- Required work -
Repeat the listing below word for word, leaving nothing out.

Start of Block

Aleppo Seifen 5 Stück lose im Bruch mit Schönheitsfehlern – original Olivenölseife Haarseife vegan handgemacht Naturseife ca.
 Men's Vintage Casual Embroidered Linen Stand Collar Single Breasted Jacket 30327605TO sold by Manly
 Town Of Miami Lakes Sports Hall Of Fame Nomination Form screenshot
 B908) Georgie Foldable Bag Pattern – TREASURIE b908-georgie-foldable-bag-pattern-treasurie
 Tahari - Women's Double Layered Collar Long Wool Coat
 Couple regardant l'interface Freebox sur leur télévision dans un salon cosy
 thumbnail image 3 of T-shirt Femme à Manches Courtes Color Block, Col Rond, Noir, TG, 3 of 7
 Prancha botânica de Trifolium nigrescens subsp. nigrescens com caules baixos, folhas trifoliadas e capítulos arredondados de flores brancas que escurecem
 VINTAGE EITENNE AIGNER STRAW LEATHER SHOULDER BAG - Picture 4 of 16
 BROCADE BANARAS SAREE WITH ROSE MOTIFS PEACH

End of Block

- Reply -
Aleppo Seifen 5 Stück lose im Bruch mit Schönheitsfehlern – original Olivenölseife Haarseife vegan handgemacht Naturseife ca.
 Men's Vintage Casual Embroidered Linen Stand Collar Single Breasted Jacket 30327605TO sold by Manly
 Town Of Miami Lakes Sports Hall Of Fame Nomination Form screenshot
 B908) Georgie Foldable Bag Pattern – TREASURIE b908-georgie-foldable-bag-pattern-treasurie
 Tahari - Women's Double Layered Collar Long Wool Coat
 Couple regardant l'interface Freebox sur leur télévision dans un salon cosy
 thumbnail image 3 of T-shirt Femme à Manches Courtes Color Block, Col Rond, Noir, TG, 3 of 7
 Prancha botânica de Trifolium nigrescens subsp. nigrescens com caules baixos, folhas trifoliadas e capítulos arredondados de flores brancas que escurecem
 VINTAGE EITENNE AIGNER STRAW LEATHER SHOULDER BAG - Picture 4 of 16
 BROCADE BANARAS SAREE WITH ROSE MOTIFS PEACH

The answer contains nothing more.